Cal/OSHA also expanded the window of time for a Repeat violation from three years to five years, which is a policy change that federal OSHA made in 2010.
Cal/OSHA Will Now Consider Substantially Similar Violations
Cal/OSHA currently defines a Repeat violation as occurring when the employer has corrected, or indicated correction of an earlier violation, for which a citation was issued, and upon a later inspection is found to have committed the same violation again.
Cal/OSHA amended the rule to broadly allow it to find a Repeat violation for a violation of a “substantially similar” regulatory requirement. This change places Cal/OSHA directly in line with federal OSHA. The “substantially similar” standard is the language used by federal OSHA but is not officially defined by Cal/OSHA. Federal OSHA also does not have a regulatory definition of “substantially similar” but the term has been interpreted in policy documentation and numerous citation appeal decisions. As the term is undefined, employers will have some opportunity to influence the interpretation of what constitutes substantially similar violations supporting a Repeat violation in California, but this may be one area where the state adopts the federal interpretation. The greater scope naturally increases the frequency at which a Repeat violation could be issued.
Cal/OSHA Will Now Consider Statewide Violations
The current rule defining the geographic scope of Repeat violations is that the later citation must involve the same factory, store, or other fixed establishment that was previously cited. But, for field sanitation standards, a Repeat violation is any subsequent violation state-wide, on the theory that farm labor contractors work up and down the state during a short span of time and, thus, violations at different sites in California are akin to Repeat violations.

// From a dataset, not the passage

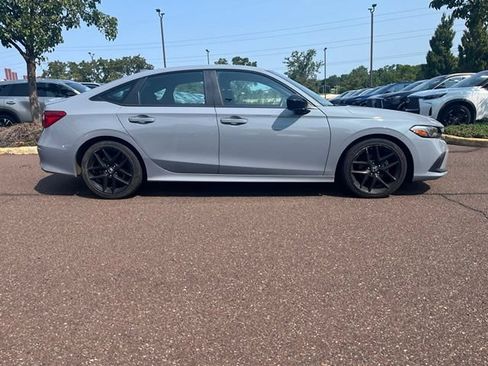 Used 2022 Honda Civic Sport image 2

Cal/OSHA eliminated the difference between field sanitation and other industries and removed the geographical restrictions that currently limit a Repeat violation to a specific facility or store. In other words, in determining whether to cite the employer for a Repeat violation, Cal/OSHA will consider any violation in the state as opposed to violations at a specific location. Thus, for example, if Cal/OSHA finds a violation at a facility in Los Angeles, and if the employer has facilities in Sacramento and San Francisco, the agency will determine whether citations for substantially similar violations were issued at the facilities in those two cities.
Implications for Employers
Starting in 2017, California employers can no longer focus solely on the financial implications of settling a citation or contesting it. Employers will have to be more strategic in their response. Because the Repeat classification and increased penalties are not directly limited to Serious violations, employers will even have to consider their acceptance or appeal of General and Regulatory citations.
Employers can initially focus even more attention on preventing workplace safety violations through comprehensive programs. However, if an employer receives a citation, it should carefully evaluate whether simply paying the citation is the best strategy and also should immediately determine whether it is in compliance with other standards that are “substantially similar” to the one for which it was cited at all of its California facilities. This increased focus will raise the cost of abatement for employers that do decide to accept a citation because they will need to ensure abatement at all of their locations to avoid future Repeat violations with their substantial penalties. Overall, this change will undoubtedly lead to more litigation over Cal/OSHA citations as employers will need to manage their citation history to avoid future Repeat violations occurring over a five-year period.